Sur Mars, l’écart est moins grand, mais il y a tout de même un ratio 5 fois supérieur à celui observé sur Terre, ce qui traduirait le même phénomène. De plus, des météorites martiennes plus anciennes montraient un ratio plus proche de celui observé sur la planète bleue, ce qui laisse penser que quelques milliards d’années auparavant, Mars ressemblait beaucoup plus à la Terre avec une plus forte présence d’hydrogène, et donc d’eau liquide « normale ». Toutes ces données ont conduit à la création de plusieurs modèles pour expliquer la disparition de l’eau qui ont conclu que l’hydrogène s’était évaporé dans l’espace et qu’il restait sous la surface des réservoirs d’eau encore intacts.

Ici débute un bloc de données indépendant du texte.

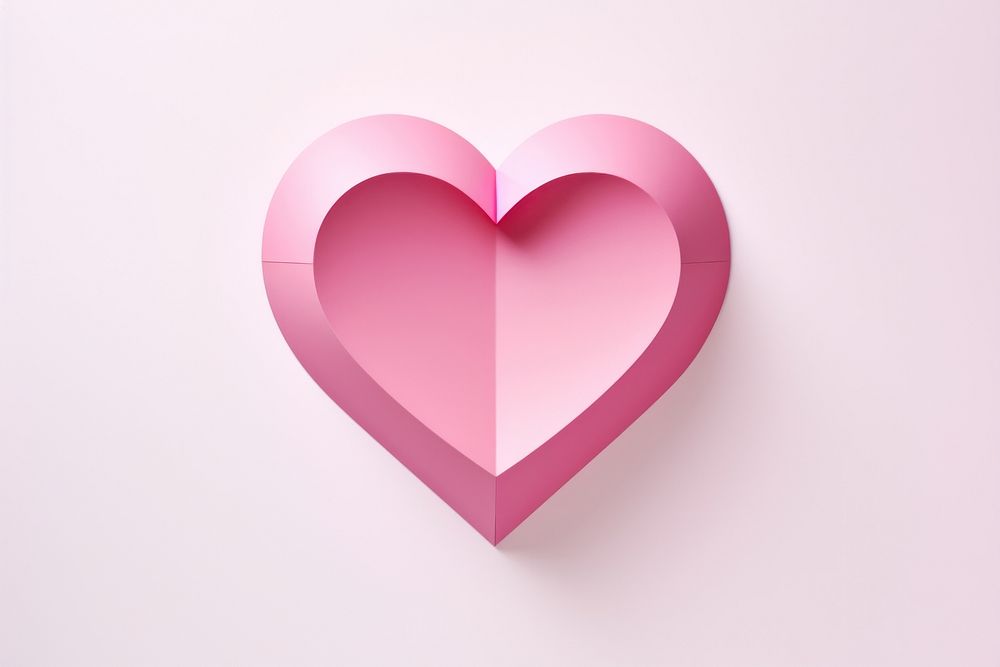 Pink heart circle purple symbol.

Pour Eva Scheller le compte n’y est pas : « Mars aurait contenu suffisamment d’eau pour recouvrir toute la planète d’un océan profond de 100 à 1500 mètres, et la perte atmosphérique observée ne correspond pas à une telle fuite. Il y a donc beaucoup plus d’eau que prévu qui a été absorbée dans la croûte. »
Elle précise que cela ne signifie pas que le processus d’évaporation dans l’espace n’a pas été à l’œuvre, mais la majeure partie de l’eau serait donc restée sur la planète, emprisonnée dans la roche.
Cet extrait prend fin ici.